The focus is on development of a UAS to meet Pentagon requirements of a 1,320 pounds maximum takeoff weight. APT-70 fits into that category, but Drennan said the Bell team is considering a larger size that would carry a 300-500 pound-payload — or even an “APT-XL” with an 880-pound max payload. The APT design would allow for these aircraft to be hybrid if needed, but according to Drennan, most customer use cases explored so far don’t require more range or power than available through fully electric propulsion.

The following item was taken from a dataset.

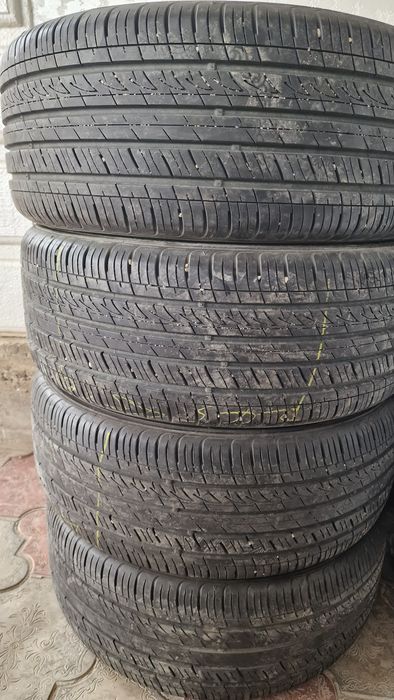 Диски с резиной в сборе 245/45 /18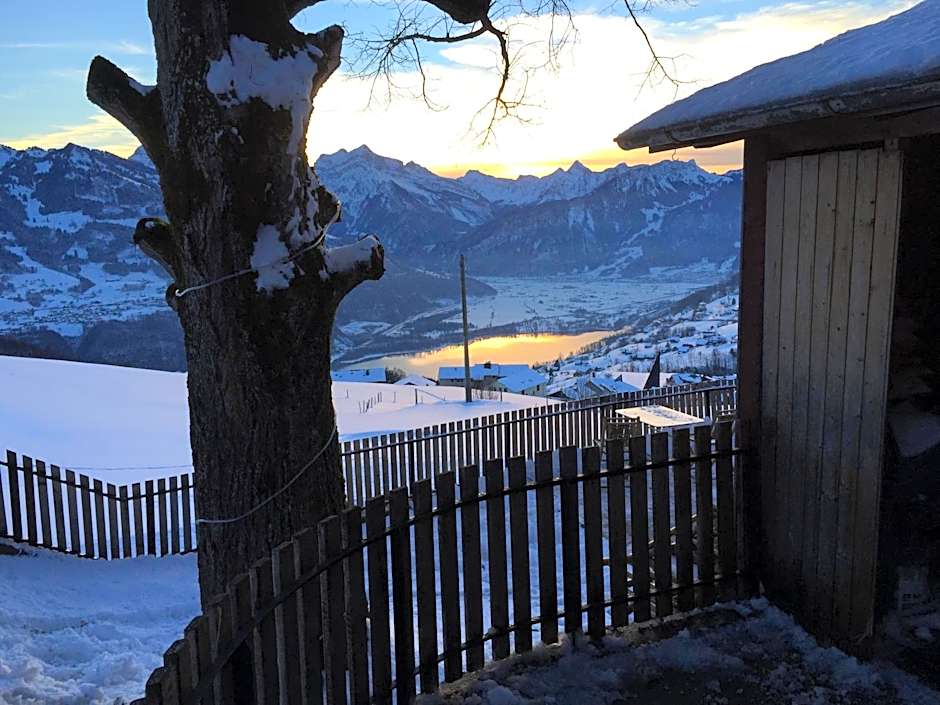 AmdenLodge - Berg Chalet in Amden am Walenssee - Event, Seminar, Ferienlager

“As we understand it, the Marines and the Army are working collaboratively on this solution,” Worden added. “With the APT family of systems, starting with the APT-70, it’s a scalable product; I think we’re able to offer the military a solution that will help enable them to do the operations for assured resupply or autonomous resupply that they need to do.”

Through the RFI process, Bell has provided the military with options regarding charging the eVTOL aircraft, including various charge rates as well as hot-swapping batteries.

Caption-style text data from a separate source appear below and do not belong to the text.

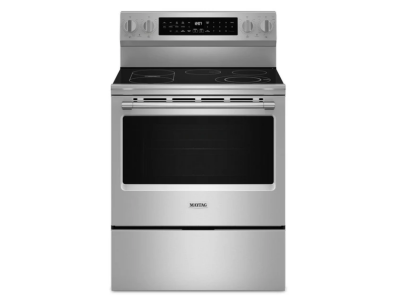 30" Maytag 5.3 Cu. Ft. Convection Technology Freestanding Electric Range - YMFES8030RZ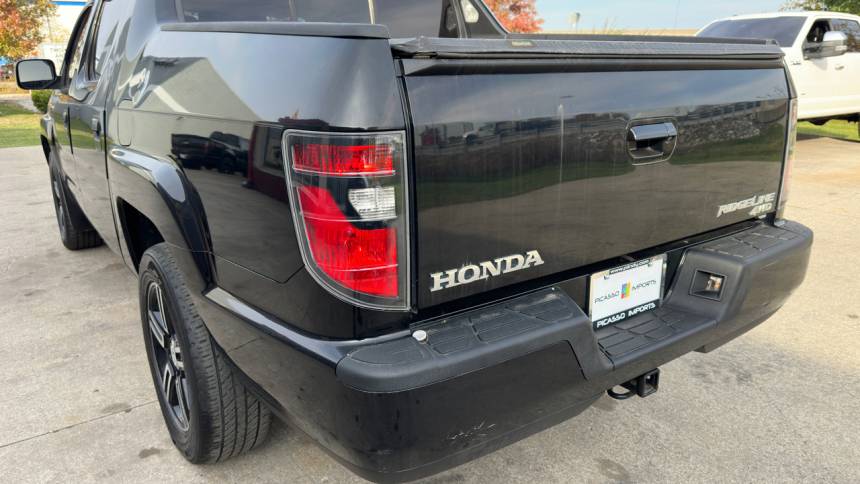 2013 honda ridgeline sport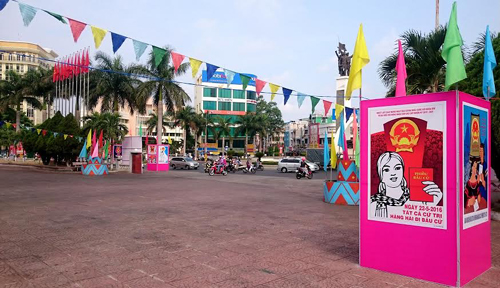 Đắk Lắk sẵn sàng cho ngày hội bầu cử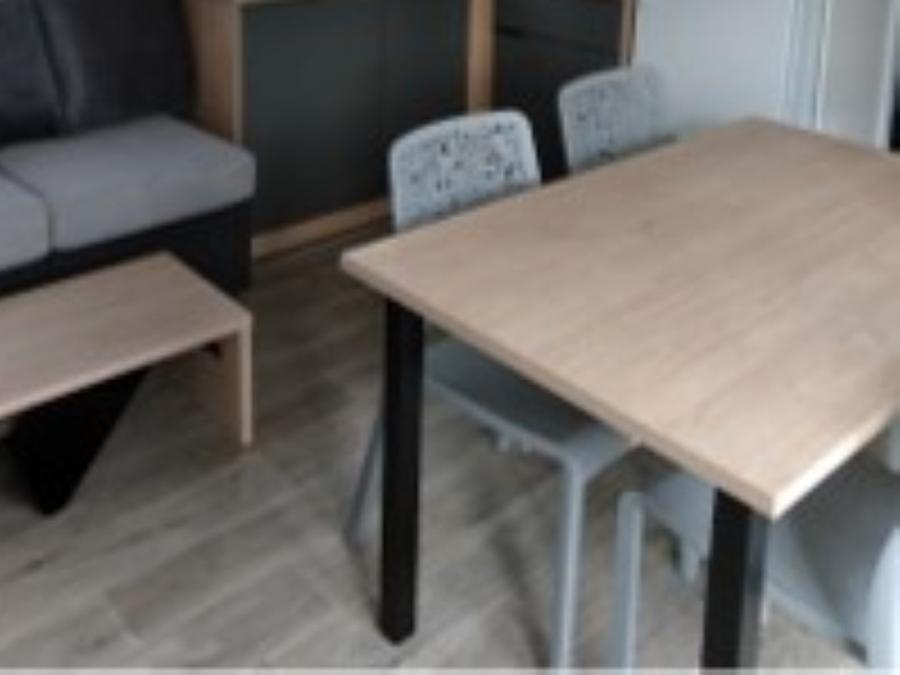 Mobilhome 6 personnes - LE SOUCI DES MARAIS Parcelle 55 - 3 chambres 3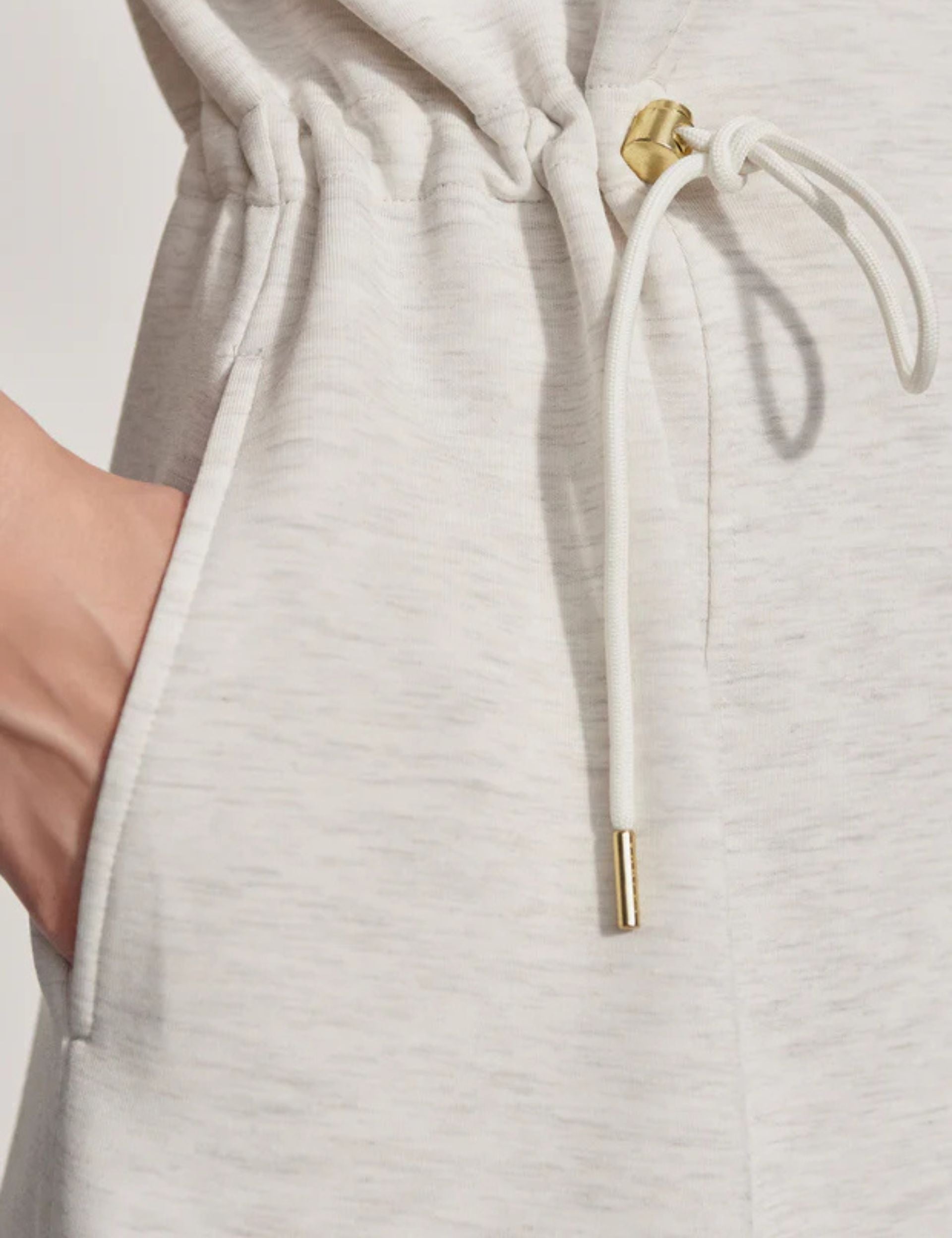 Elegant Maple Dress in Ivory Marl - Perfect for Weddings, Parties & Special Occasions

Bell intends the autonomous APTs to be overseen by operators who are more like monitors, receiving real-time information from the vehicles and able to take action, if necessary.

“We’d send them them critical health signals about the vehicle: how much voltage is left in the battery, what are the state temperatures of the motors, is it on its way to its proper destination,” Drennan said. “If something were going wrong and it needed to land, maybe a ‘land immediately’ signal could come, or a redirection in the navigational track of the vehicle.”

Bell anticipates APT will be ready to enter service in the “early-2020s,” but it’s unclear whether the regulatory and air traffic control structures that permit it to fly in controlled airspace will match that pace. Early next summer, Bell’s APT-70 will participate — along with two other unmanned vehicles — in flight tests associated with NASA’s Systems Integration and Operationalization (SIO) project, which aims to simulate the commercial operation of large unmanned aircraft.

“The significance of the NASA test is about flying through complex airspace, we are going to fly through Class B airspace in the [Dallas-Fort Worth] metroplex with a 315-pound vehicle,” Drennan said. “That’s a vehicle that is operational, usable, is of real size and can help real customers. We’ll be doing that with a detect-and-avoid system and beyond visual line of sight rules.”